[Extracted data]

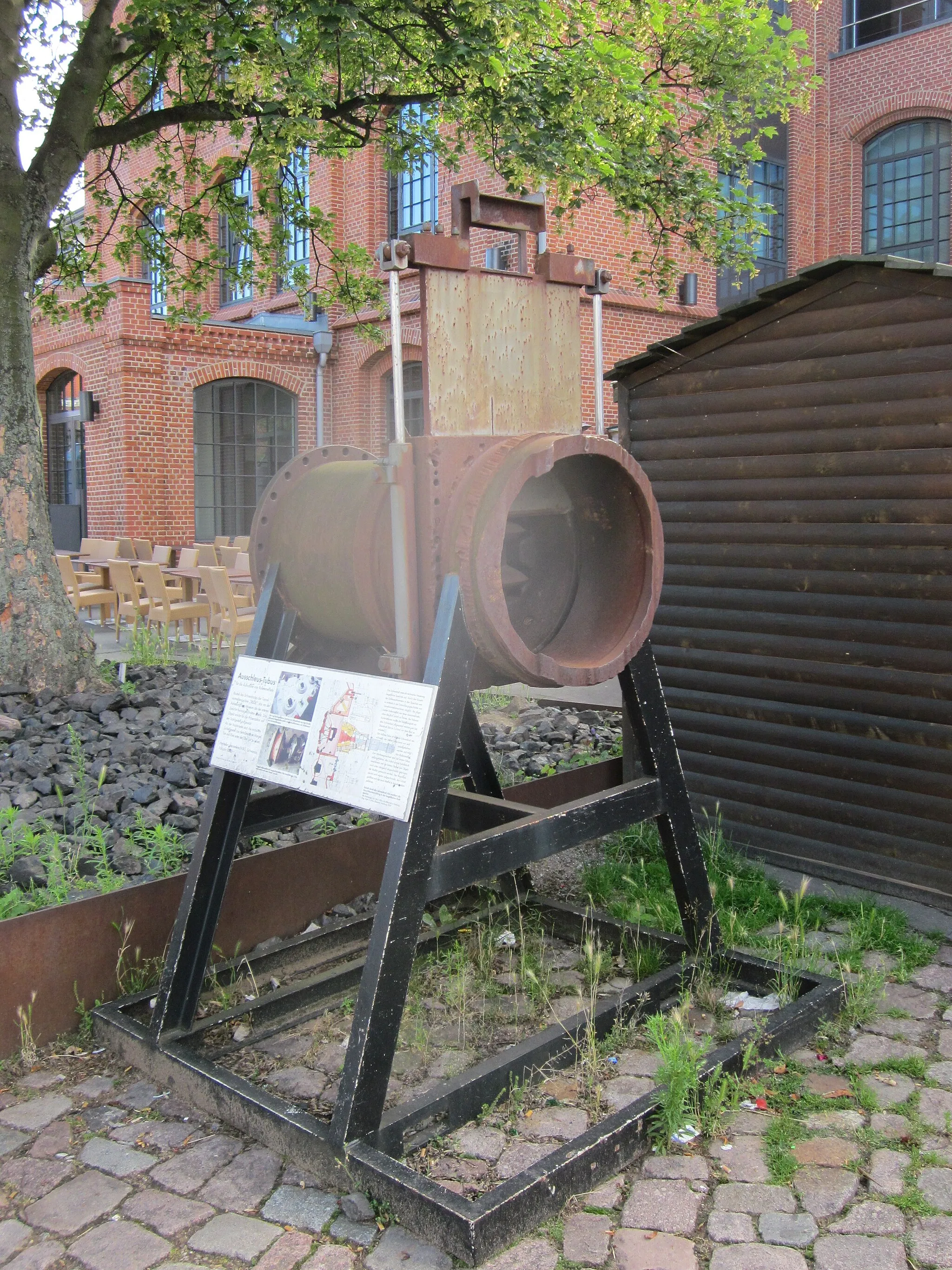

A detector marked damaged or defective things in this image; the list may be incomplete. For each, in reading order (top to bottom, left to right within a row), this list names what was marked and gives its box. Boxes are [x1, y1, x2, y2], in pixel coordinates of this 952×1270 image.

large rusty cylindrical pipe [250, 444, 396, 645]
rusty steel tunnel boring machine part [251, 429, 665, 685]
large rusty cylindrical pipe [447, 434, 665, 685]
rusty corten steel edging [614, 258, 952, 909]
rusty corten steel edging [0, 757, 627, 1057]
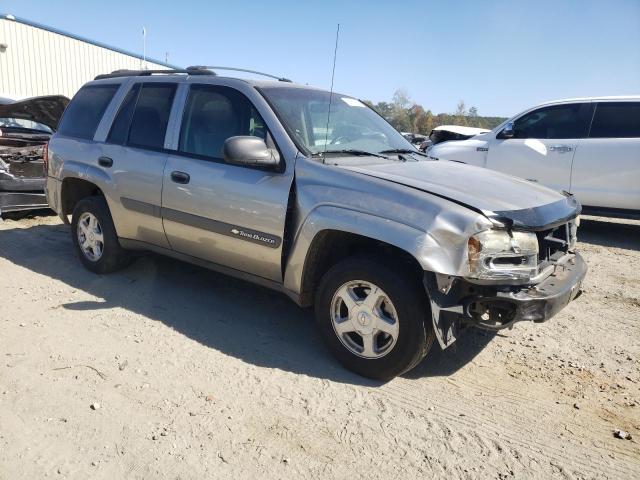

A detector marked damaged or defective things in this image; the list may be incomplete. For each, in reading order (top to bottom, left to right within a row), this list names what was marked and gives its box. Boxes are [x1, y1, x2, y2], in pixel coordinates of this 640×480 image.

[/Extracted data]

What to work on.
Pictures do not belong in the copy. Please reproduce the entries above exactly otherwise.

Response to the exercise.
A detector marked damaged or defective things in this image; the list may be incomplete. For each, in reading order (top to bottom, left to right within a row), this list names what was marked and gives its box. Boxes are [x1, y1, x2, y2], in pixel coordinates of this 952×1270 image.

large rusty cylindrical pipe [250, 444, 396, 645]
rusty steel tunnel boring machine part [251, 429, 665, 685]
large rusty cylindrical pipe [447, 434, 665, 685]
rusty corten steel edging [614, 258, 952, 909]
rusty corten steel edging [0, 757, 627, 1057]

A detector marked damaged or defective things in this image; the list may be incomplete. For each, in reading order (top to bottom, left to right within a row), this list names what was marked and gives its box. Boxes are [x1, y1, x2, y2], in pixel coordinates of this 640×480 image.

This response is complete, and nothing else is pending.